=== Data shown ===

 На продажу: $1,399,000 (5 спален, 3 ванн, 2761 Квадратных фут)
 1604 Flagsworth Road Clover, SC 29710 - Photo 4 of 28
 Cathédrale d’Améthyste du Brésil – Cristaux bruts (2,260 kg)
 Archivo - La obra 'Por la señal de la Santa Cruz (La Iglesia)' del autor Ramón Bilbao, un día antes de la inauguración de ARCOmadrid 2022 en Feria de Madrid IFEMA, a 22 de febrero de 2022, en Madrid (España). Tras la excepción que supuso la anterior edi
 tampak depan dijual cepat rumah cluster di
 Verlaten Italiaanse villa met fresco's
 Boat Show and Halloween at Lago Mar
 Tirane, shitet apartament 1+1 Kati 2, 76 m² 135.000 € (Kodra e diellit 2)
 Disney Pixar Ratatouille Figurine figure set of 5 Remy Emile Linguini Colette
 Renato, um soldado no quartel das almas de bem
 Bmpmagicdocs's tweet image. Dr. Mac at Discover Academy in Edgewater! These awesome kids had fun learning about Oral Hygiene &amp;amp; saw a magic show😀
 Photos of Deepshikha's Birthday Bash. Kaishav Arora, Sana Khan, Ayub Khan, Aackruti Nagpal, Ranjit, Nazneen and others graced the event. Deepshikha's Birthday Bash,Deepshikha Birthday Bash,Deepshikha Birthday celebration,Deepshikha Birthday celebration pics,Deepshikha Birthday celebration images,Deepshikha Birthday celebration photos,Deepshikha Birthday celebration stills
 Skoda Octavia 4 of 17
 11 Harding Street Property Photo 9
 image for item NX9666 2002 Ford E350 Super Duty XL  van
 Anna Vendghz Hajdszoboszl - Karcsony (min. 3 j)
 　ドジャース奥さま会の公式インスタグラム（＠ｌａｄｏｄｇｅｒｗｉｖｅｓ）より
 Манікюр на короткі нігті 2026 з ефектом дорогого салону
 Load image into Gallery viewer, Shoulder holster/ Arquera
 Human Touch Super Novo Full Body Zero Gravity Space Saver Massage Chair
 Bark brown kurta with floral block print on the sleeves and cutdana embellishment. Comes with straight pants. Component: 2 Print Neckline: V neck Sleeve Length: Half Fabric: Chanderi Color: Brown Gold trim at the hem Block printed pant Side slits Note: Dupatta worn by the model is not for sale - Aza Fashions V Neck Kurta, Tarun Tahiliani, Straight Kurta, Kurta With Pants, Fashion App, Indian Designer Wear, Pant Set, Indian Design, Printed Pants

===

Brief:
The answer consists of the line holding "Verlaten Italiaanse villa met fresco's" and every line after it up to the end of the records, word for word.

Task response:
 Verlaten Italiaanse villa met fresco's
 Boat Show and Halloween at Lago Mar
 Tirane, shitet apartament 1+1 Kati 2, 76 m² 135.000 € (Kodra e diellit 2)
 Disney Pixar Ratatouille Figurine figure set of 5 Remy Emile Linguini Colette
 Renato, um soldado no quartel das almas de bem
 Bmpmagicdocs's tweet image. Dr. Mac at Discover Academy in Edgewater! These awesome kids had fun learning about Oral Hygiene &amp;amp; saw a magic show😀
 Photos of Deepshikha's Birthday Bash. Kaishav Arora, Sana Khan, Ayub Khan, Aackruti Nagpal, Ranjit, Nazneen and others graced the event. Deepshikha's Birthday Bash,Deepshikha Birthday Bash,Deepshikha Birthday celebration,Deepshikha Birthday celebration pics,Deepshikha Birthday celebration images,Deepshikha Birthday celebration photos,Deepshikha Birthday celebration stills
 Skoda Octavia 4 of 17
 11 Harding Street Property Photo 9
 image for item NX9666 2002 Ford E350 Super Duty XL  van
 Anna Vendghz Hajdszoboszl - Karcsony (min. 3 j)
 　ドジャース奥さま会の公式インスタグラム（＠ｌａｄｏｄｇｅｒｗｉｖｅｓ）より
 Манікюр на короткі нігті 2026 з ефектом дорогого салону
 Load image into Gallery viewer, Shoulder holster/ Arquera
 Human Touch Super Novo Full Body Zero Gravity Space Saver Massage Chair
 Bark brown kurta with floral block print on the sleeves and cutdana embellishment. Comes with straight pants. Component: 2 Print Neckline: V neck Sleeve Length: Half Fabric: Chanderi Color: Brown Gold trim at the hem Block printed pant Side slits Note: Dupatta worn by the model is not for sale - Aza Fashions V Neck Kurta, Tarun Tahiliani, Straight Kurta, Kurta With Pants, Fashion App, Indian Designer Wear, Pant Set, Indian Design, Printed Pants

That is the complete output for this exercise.